Today at King’s Church London we now attend a church where no one group is in a majority. The Nigerians are not a majority, the Caribbeans are not a majority, the white British are not the majority. We are very diverse and I like it that way. But it is appropriate to look at our diversity from time to time to see the challenges clearly, and also to celebrate our differences. To celebrate what we are because there are many things we are not! What we are is a cross-generational, cross-ethnic, racially mixed, cross- cultural church.
Why do people celebrate? To mark moments. And different cultures do this in a variety of ways. In white British culture we tend to mark the birthdays at ages 18 and 21. Often there will be a family party. Now, I have learned from Pastor Robert Kwami that in Ghana you would mark the ages of 50, 70 and 80 – due honour is given to those attaining these ages. There will be a huge celebration involving the whole extended family – often taking a weekend – with lots of people, lots of food, lots of parties! Best clothes will be worn – and the pastor of the church will be invited and involved! I was invited to the 50th birthday party for a Nigerian recently – it was like going to a wedding! There was a picture of the family with the cake and then a second photo– one of the pastor with the cake! The pastor was honoured and is given high status in that culture.... I’m just saying...!

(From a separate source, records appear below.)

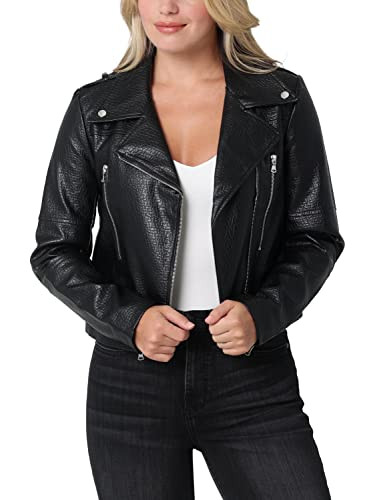 Rock & Republic Women's Faux Leather Jacket, Black, Medium | Amazon (US)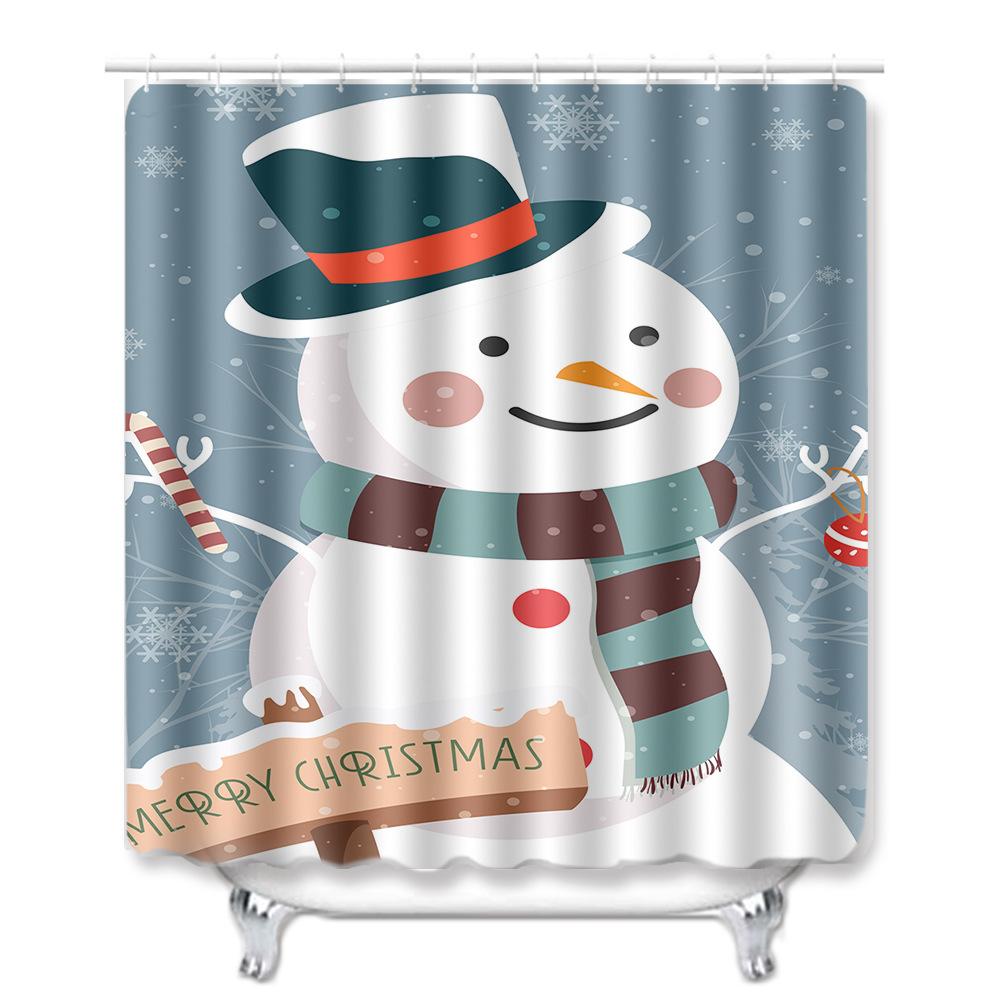 Christmas Home Door Mat Bathroom Toilet Shower Curtain Four-Piece Floor Mat Bedroom Absorbent Carpet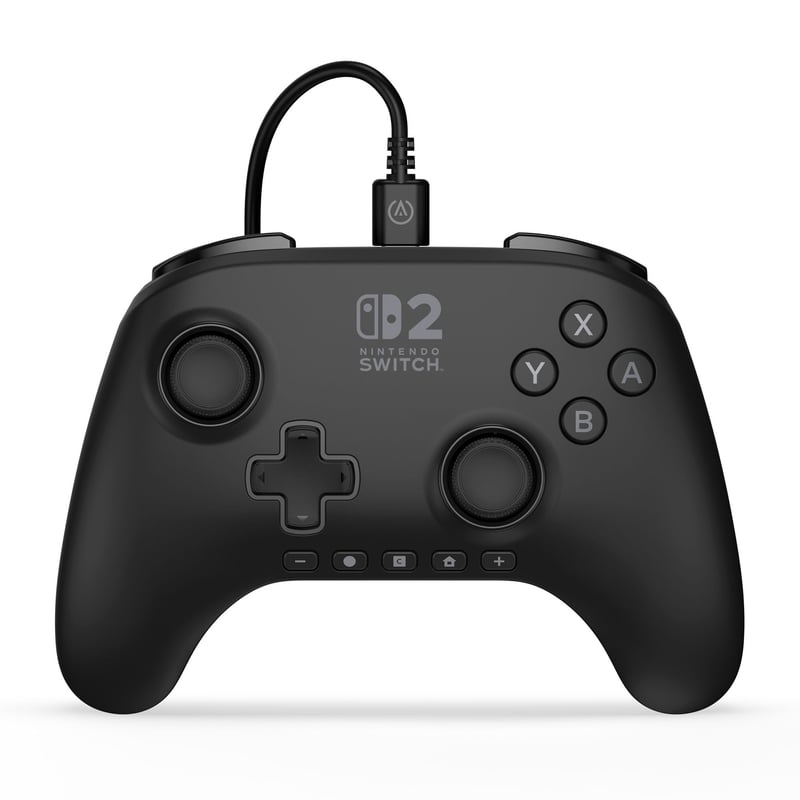 Controller cu fir PowerA Advantage pentru Nintendo Switch 2 - Negru, Efect Hall, butoane mapabile, buton C, control audio integrat, licențiat oficial
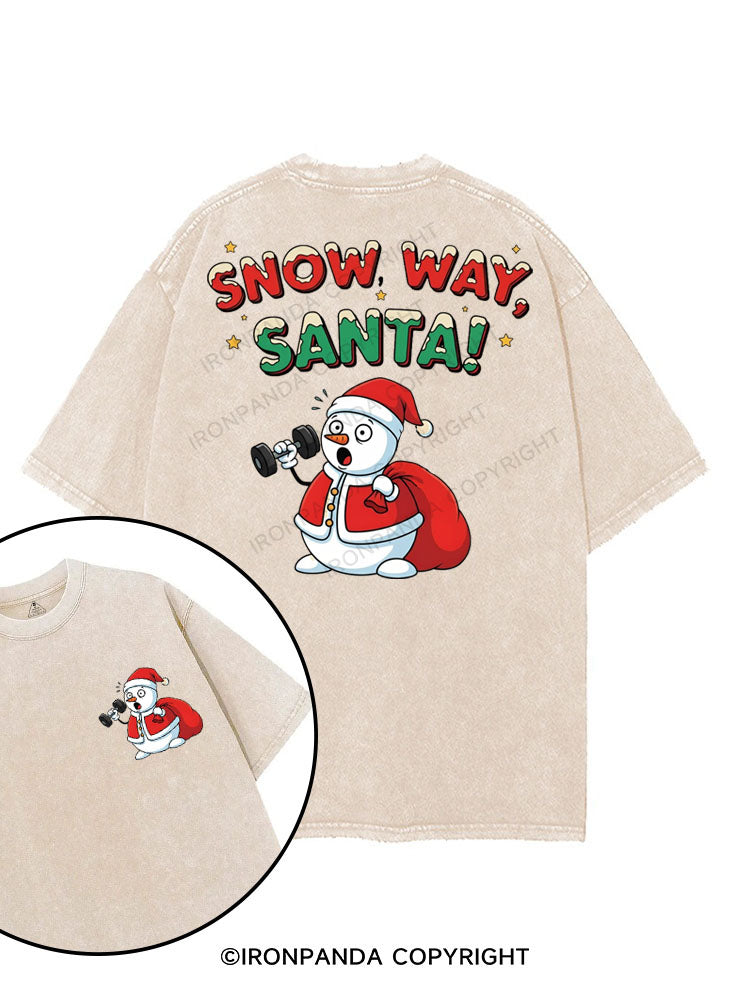 SNOW WAY SANTA printed Gym Shirt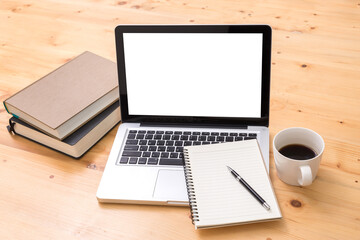 table that have open laptop computer with blank empty screen for your information or content.
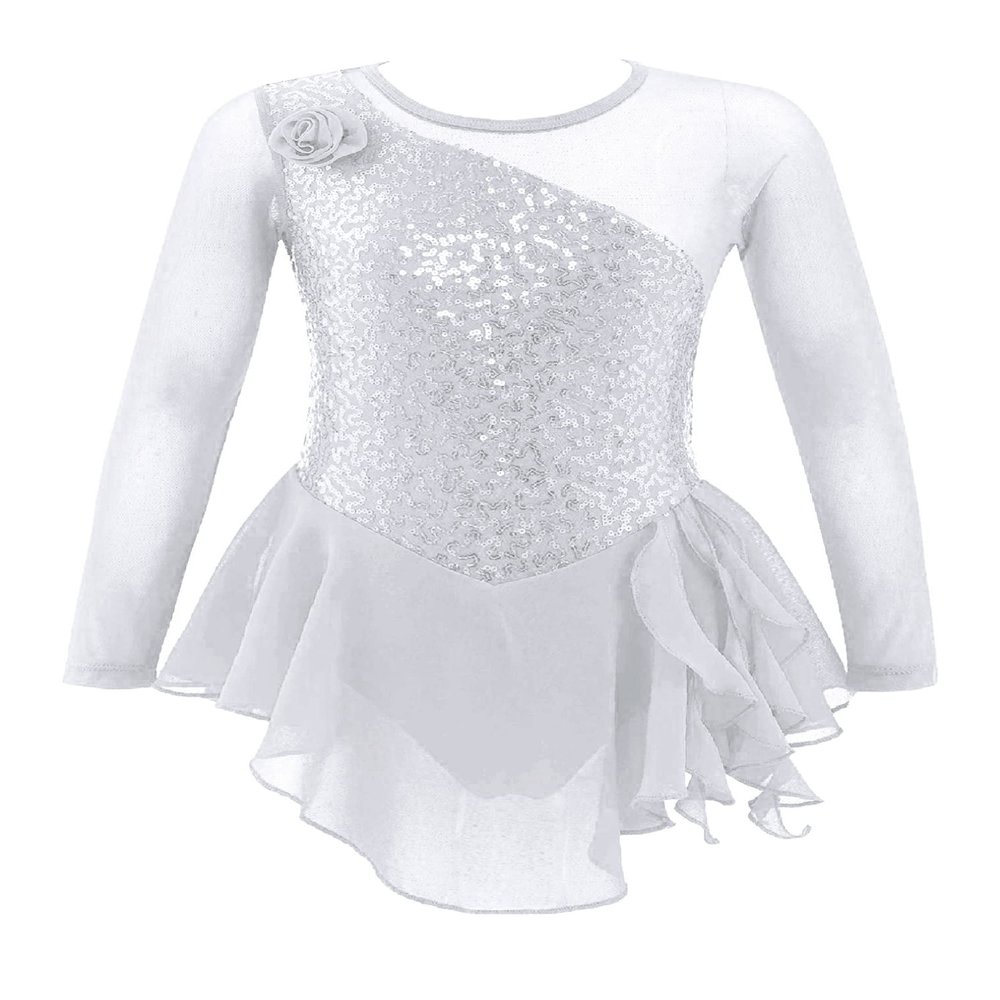 FEESHOW Girls Ballet Figure Ice Skating Ballerina Costume Kids Sequins Long Sleeves Dress for Gym Competition White 6 Years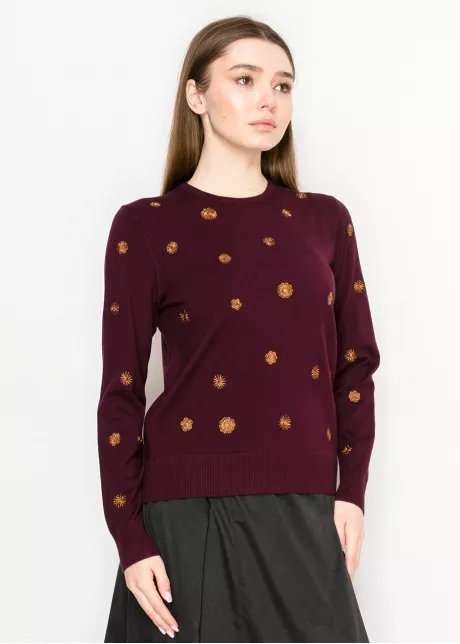 Burgundy Sweater with Gold Embroidery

In other situations, a couple’s engagement is a moment to celebrate. In white British culture you fall in love and the young man might ask the permission of the father to marry his daughter. In an African culture this relationship is seen as the coming together of two families so it is about more than just the couple. An engagement party would involve exchanging gifts between families. These variations are cultural preferences – there is no right or wrong way involved - but we need to appreciate the differences and learn from each other’s cultures. It is an enriching thing!